I have a ladder 100 inches long that weighs 72 lbs. The top of the rails of the ladder are attached to hinges on a ceiling beam/loft floor joist 90 inches above the first floor. The run is 45 inches. I believe that lifting the end of the ladder from the first floor to the ceiling, it will weight approx 36lbs when horizontal. I believe the weight will change depending on the angle and I would like to know how to calculate the weight at the ladder's various angles during the lift. I would also like to calculate how much lift will be required at the midpoint of the ladder's 100 inch length (50 inches). Finally I would appreciate the equation for calculating the lift required at various points along the ladder's span.

Thanks You. JimK.

2. Dec 3, 2015

### Staff: Mentor

Welcome to the PF.

So it sounds like you want to figure out what it takes to swing the ladder from the vertical hanging position up to the horizontal storage position. The weight of the ladder does not change as you swing it up, but the effort required does change.

Are you going to be pushing it all the way up by hand, or can you use a pulley and rope to pull the ladder up into position?

3. Dec 3, 2015

Thanks for the welcome and reply Berkeman... You got my project... currently there is a folding attic ladder to the loft in my cabin that is not durable enough for the traffic. When the ladder is down it will be approx 60 degree slope. When up it will fit horizontally between two 4x6 wooden beams. And i want it to be a non-folding ladder for strength and stability. I'm thinking a line from each side rail at the midpoint to a pulley attached to the roof beam with weights at the end of the lines to assist. I also have some springs in my shop I could use, but I haven't figured out how that would work yet.

4. Dec 4, 2015

### CWatters

I don't have my calculator with me but ... You mention it is 90 inches from floor to ceiling and the ladder is 100 inches long.

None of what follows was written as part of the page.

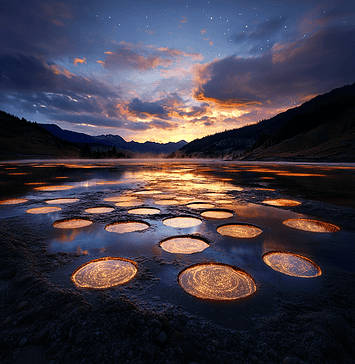 The Legend of Spotted Lake: Guardian of Healing Waters Illustration of Spotted Lake, a mythical realm inspired by Spotted Lake, central to folklore.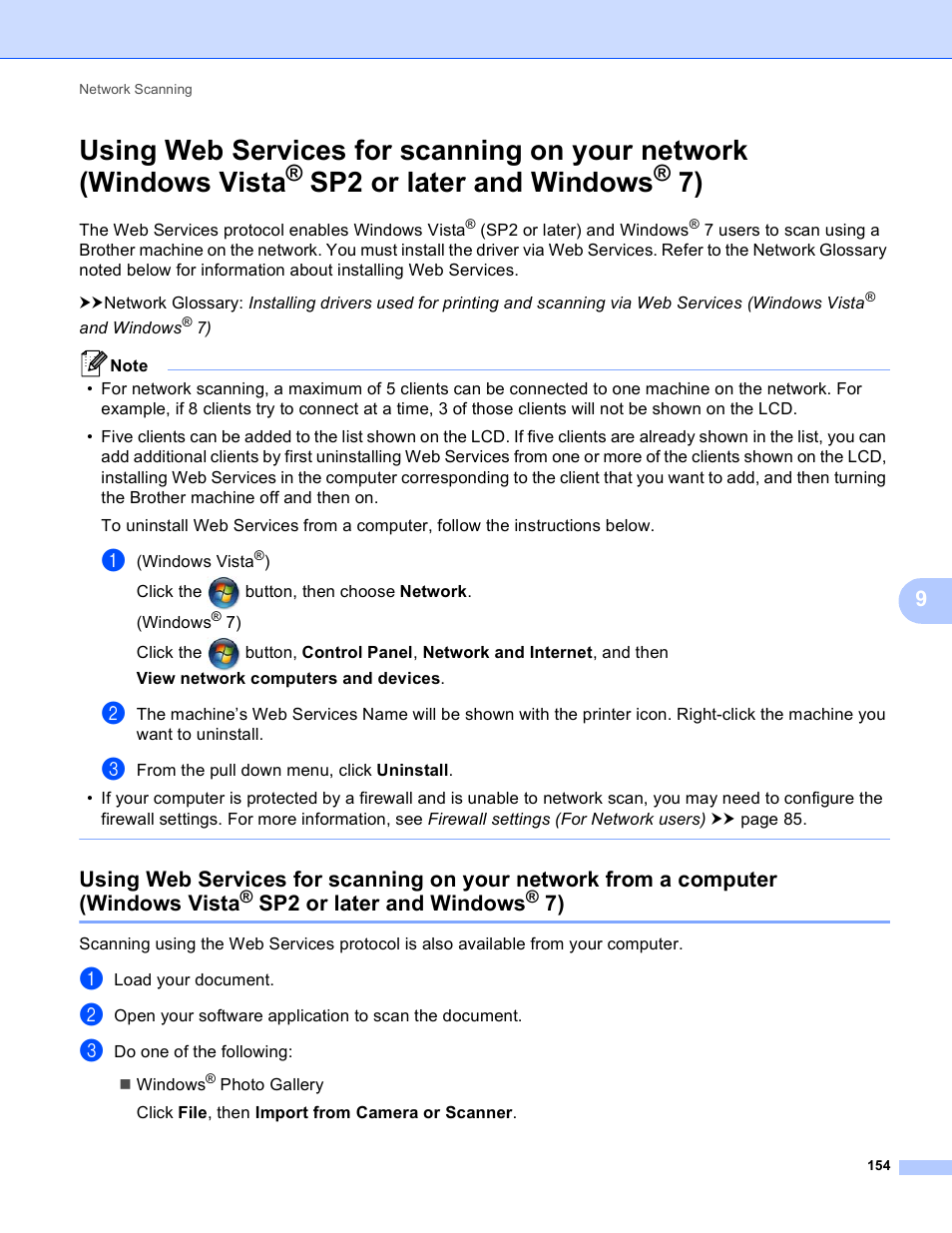 Using web services for scanning on your network, Windows vista, Sp2 or later and windows | Brother DCP-J140W User Manual | Page 161 / 166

Is the ladder long enough to reach the ground at a 60 degree angle?

5. Dec 4, 2015

I think it's actually 63.43 degrees, but my measurements are pretty rough. I used this logic, my height is 90", my run is 45", a**2 + b**2 = C**2= 2025+7975=10,000. Then I used a calculator, although I wish I could remember how to calculate it with paper and pen.

6. Dec 4, 2015

### Staff: Mentor

So as a first cut, I'd put the pulley in line with the lowest rung on the ladder when it's in the horizontal stowed position. That will minimize the force required to finish torquing it up into the stowed position. This assumes that you will be using your hand to also lift the ladder up initially off the ground, while pulling on the rope over the pulley. So you will be adding your lifting force to the downward tension on the rope over the pulley.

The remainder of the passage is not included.